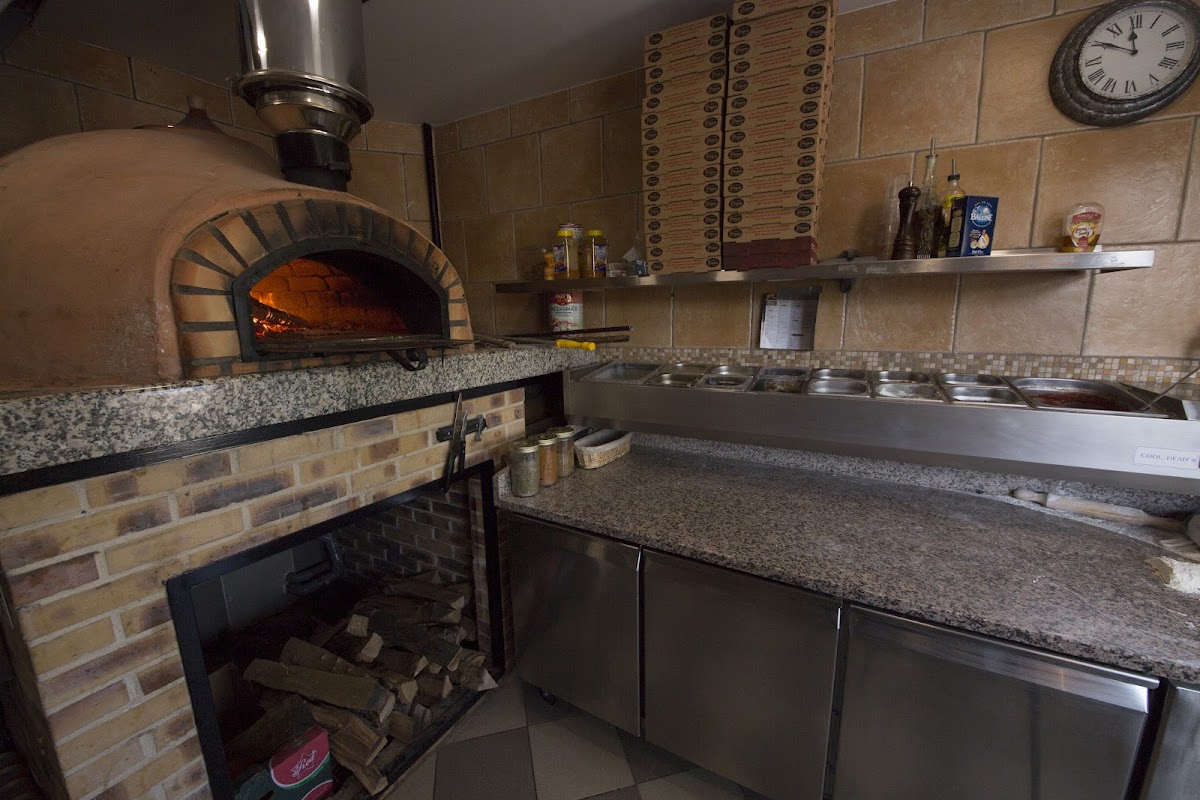 Wood's Pizza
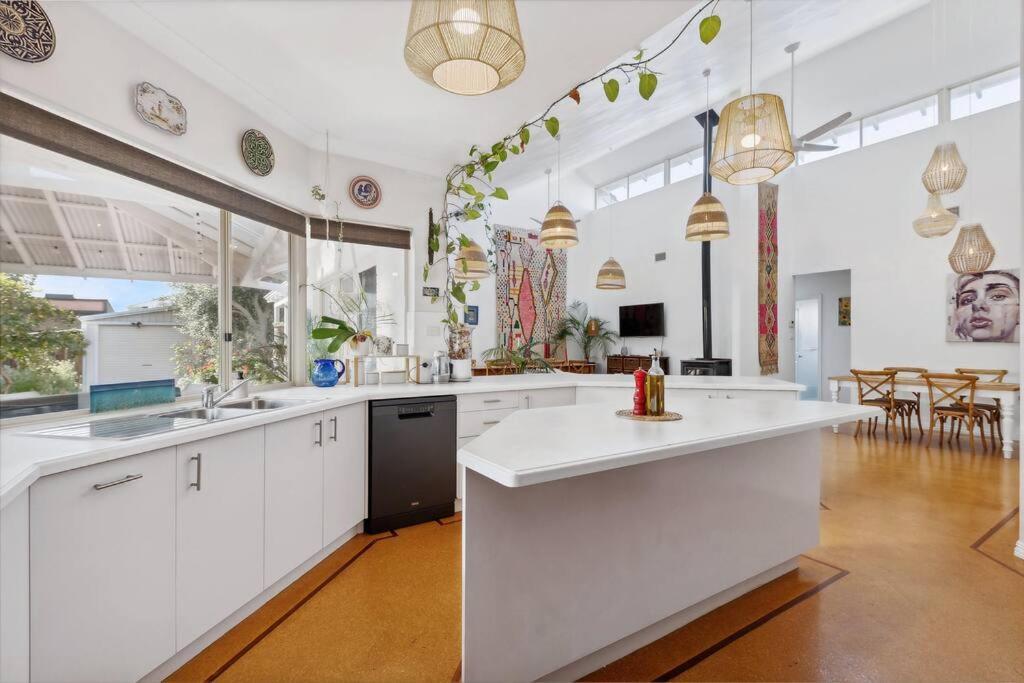 Holiday home Spacious & Artistic Pet Friendly Beachside Retreat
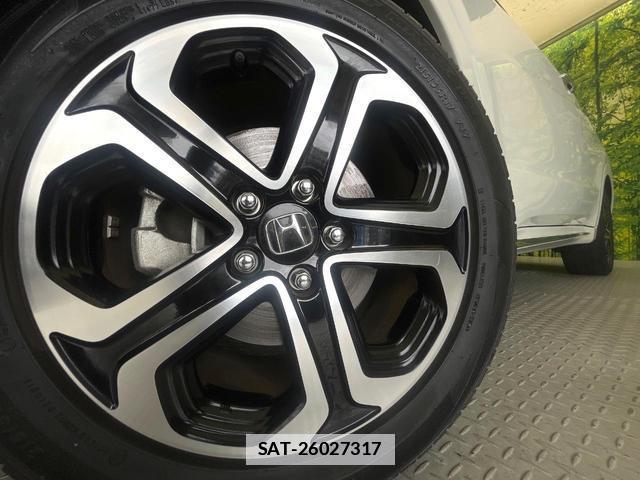 Honda VEZEL 2020-10 7868447-12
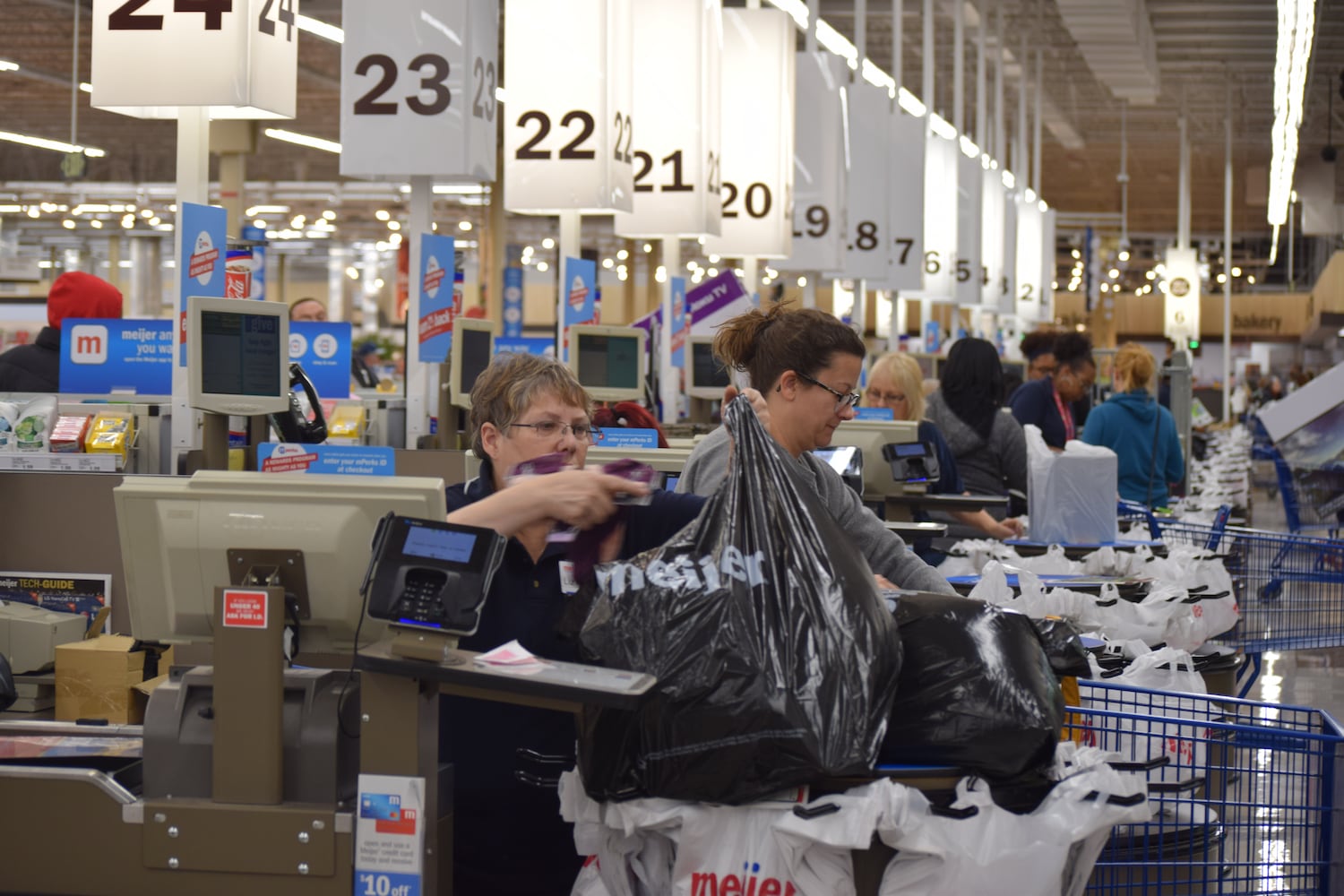 PHOTOS: Did we spot you Thanksgiving shopping today?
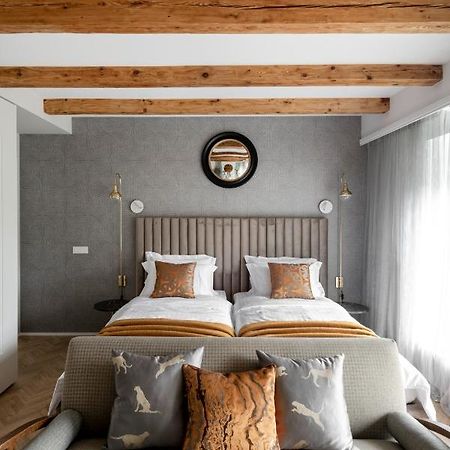 Suite With Private Bathroom At Three Bedroom Interwar Villa Grabyte With Daily Spaces To Share By Pine Forest On The Bank Of The River- 8Min By Car From Old Town Kaunas Bagian luar foto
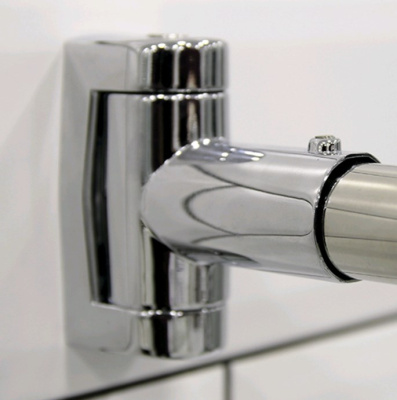 Karniz_dlya_shtory_na_vannu_Irma_160kh105_khrom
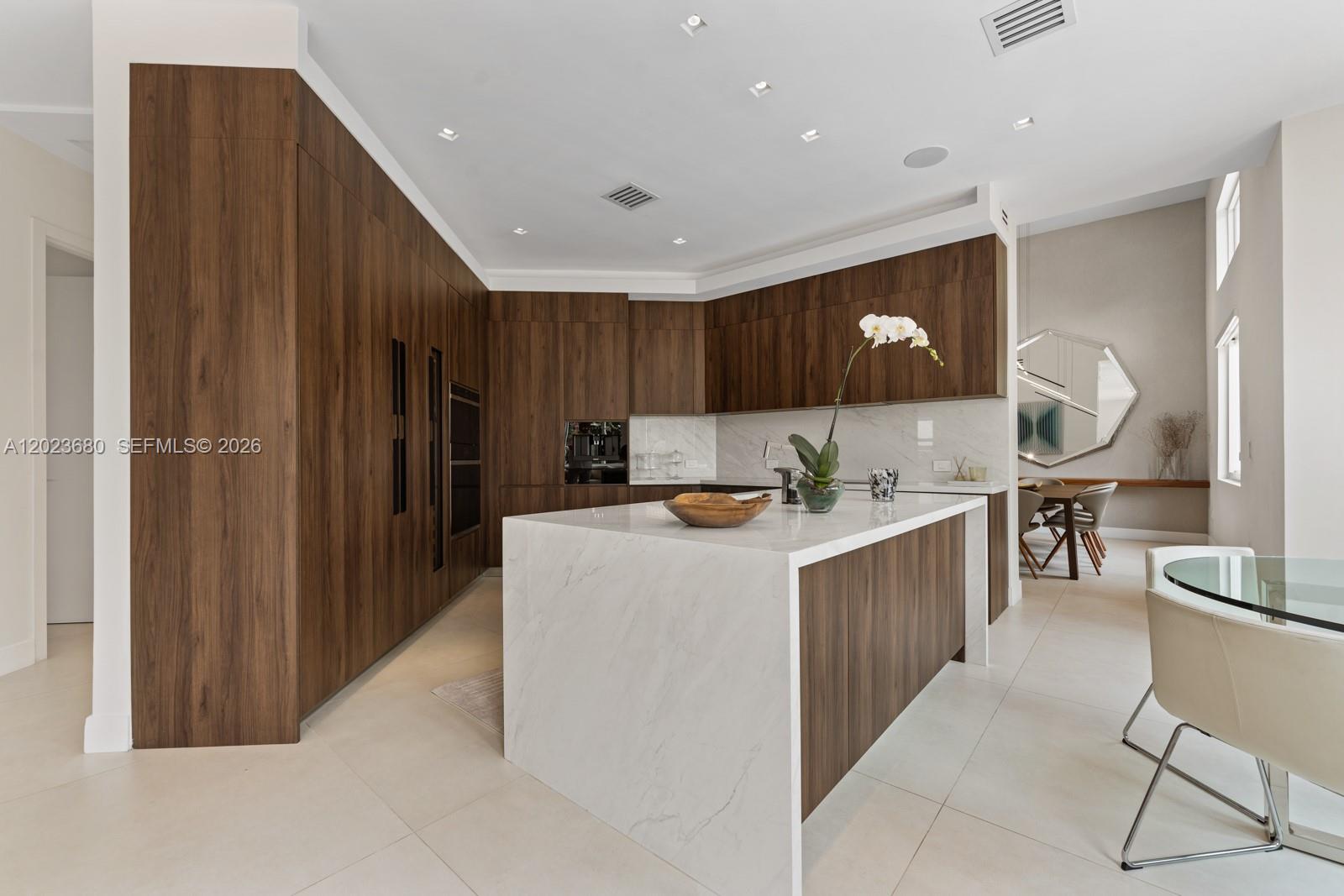 DORAL ISLES VENETIA - Residential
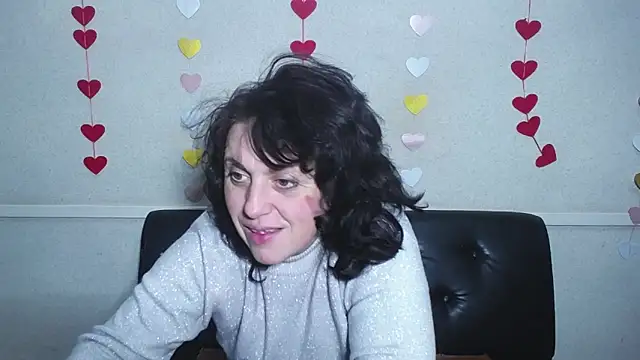 LuciaMii online show from 01.27.25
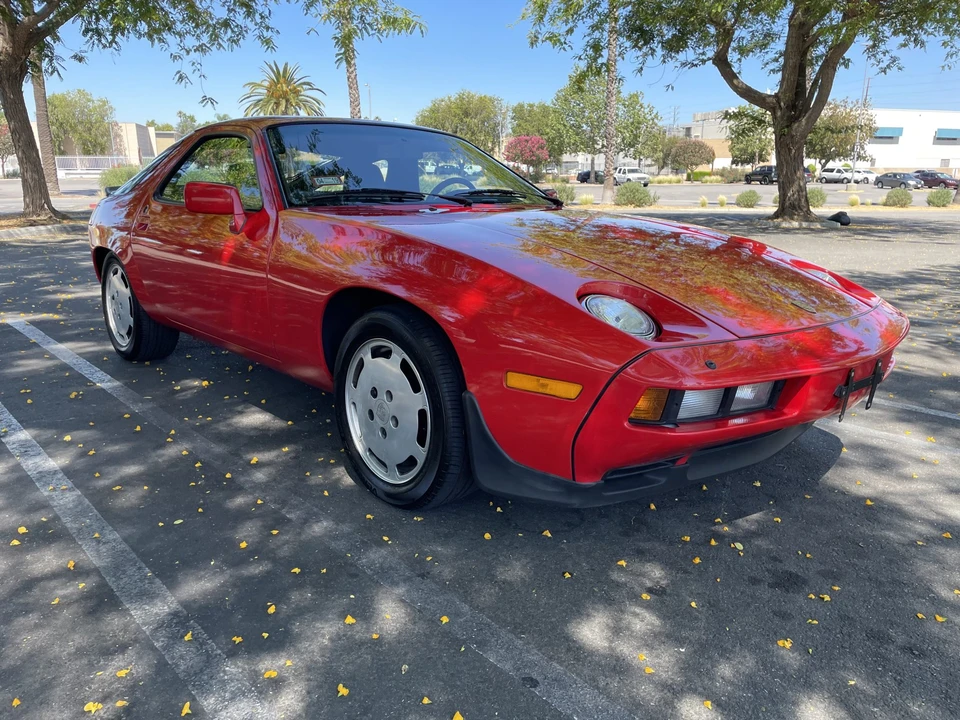 1986 Porsche 928 S - Image 18 of 31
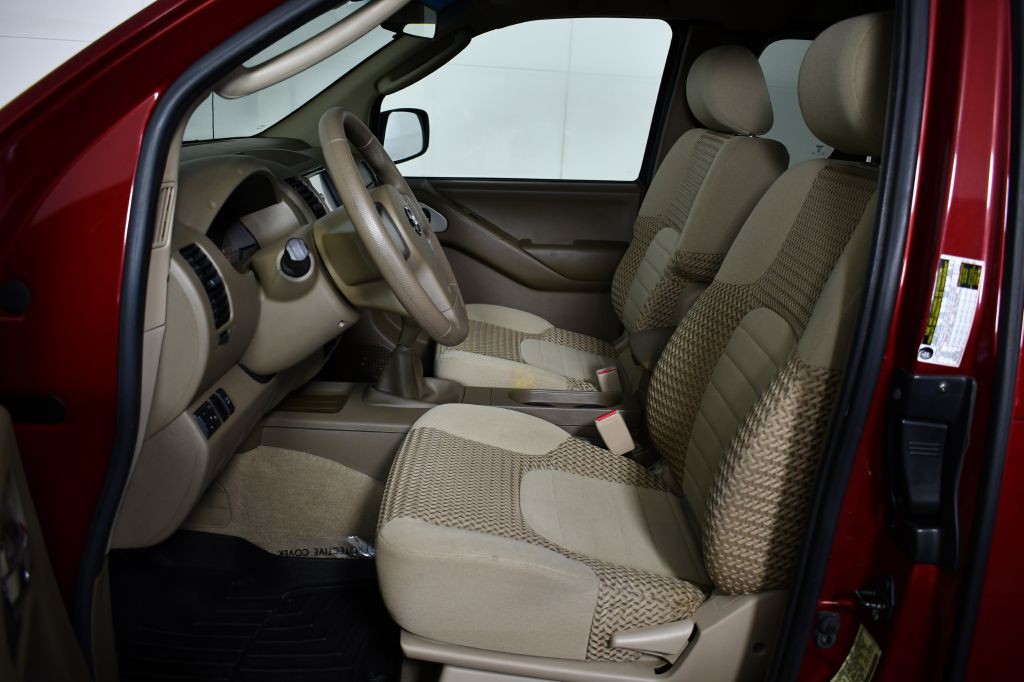 2007 Nissan Frontier Image 17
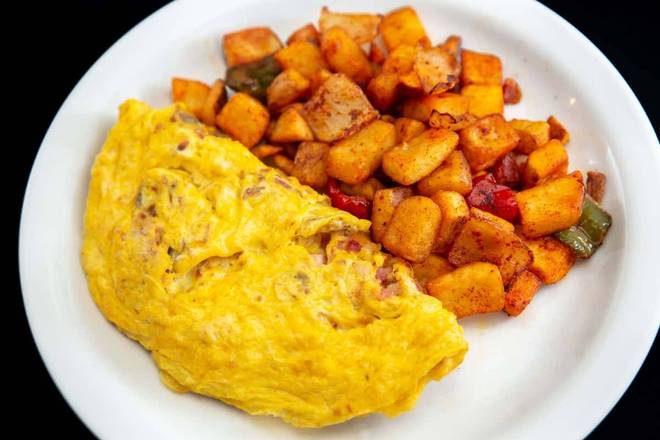 Tortilla Con Jamón / Ham Omelette with Home Fries.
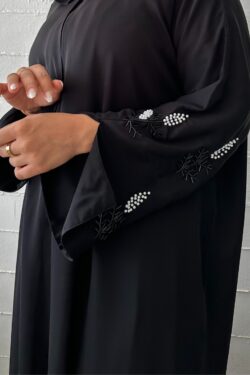 عبايه نواعم بشك على اكمام على شكل ورق شجر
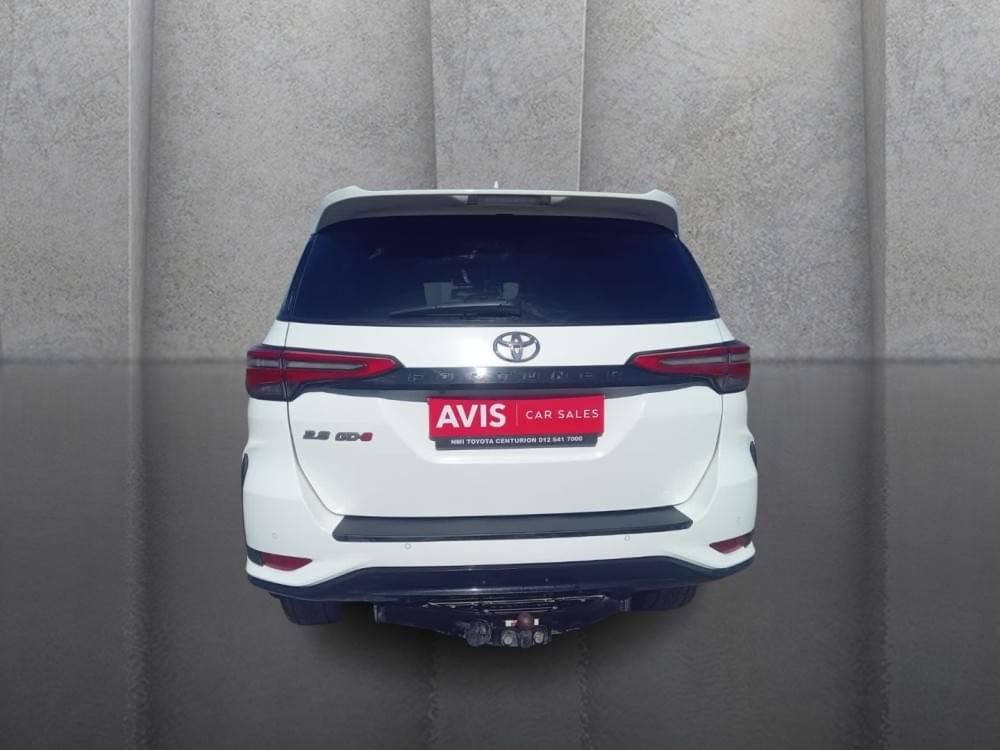 Toyota Fortuner 2.8 Gd-6 Rb At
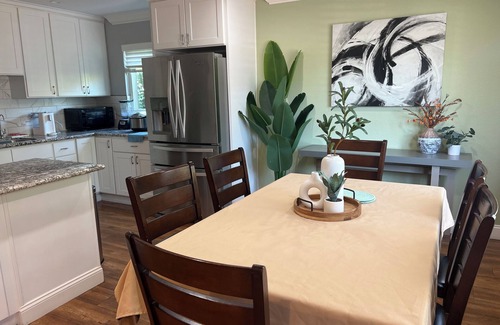 Willow Glen House | Best Value Charming Comfy 4B2B SAN JOSE PRIME LOCATION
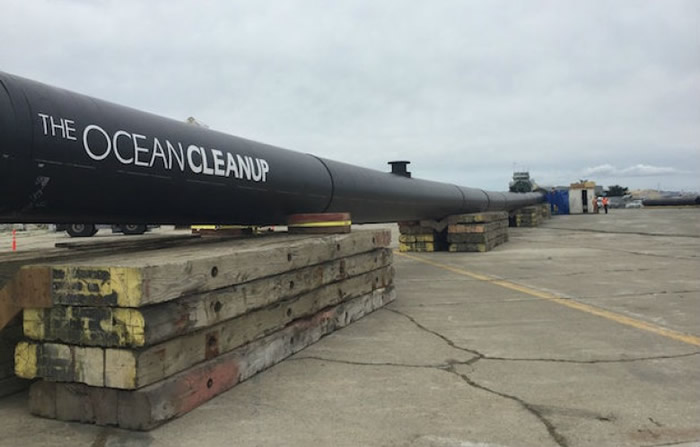 斯拉的团队希望机器可以清除海洋中大部分的塑料垃圾。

• _WHAT YOU WILL DO_: Each record should be written out again exactly, though without its pictures.

• _RESPONSE FOR THIS EXERCISE_:
 Wood's Pizza
 Holiday home Spacious & Artistic Pet Friendly Beachside Retreat
 Honda VEZEL 2020-10 7868447-12
 PHOTOS: Did we spot you Thanksgiving shopping today?
 Suite With Private Bathroom At Three Bedroom Interwar Villa Grabyte With Daily Spaces To Share By Pine Forest On The Bank Of The River- 8Min By Car From Old Town Kaunas Bagian luar foto
 Karniz_dlya_shtory_na_vannu_Irma_160kh105_khrom
 DORAL ISLES VENETIA - Residential
 LuciaMii online show from 01.27.25
 1986 Porsche 928 S - Image 18 of 31
 2007 Nissan Frontier Image 17
 Tortilla Con Jamón / Ham Omelette with Home Fries.
 عبايه نواعم بشك على اكمام على شكل ورق شجر
 Toyota Fortuner 2.8 Gd-6 Rb At
 Willow Glen House | Best Value Charming Comfy 4B2B SAN JOSE PRIME LOCATION
 斯拉的团队希望机器可以清除海洋中大部分的塑料垃圾。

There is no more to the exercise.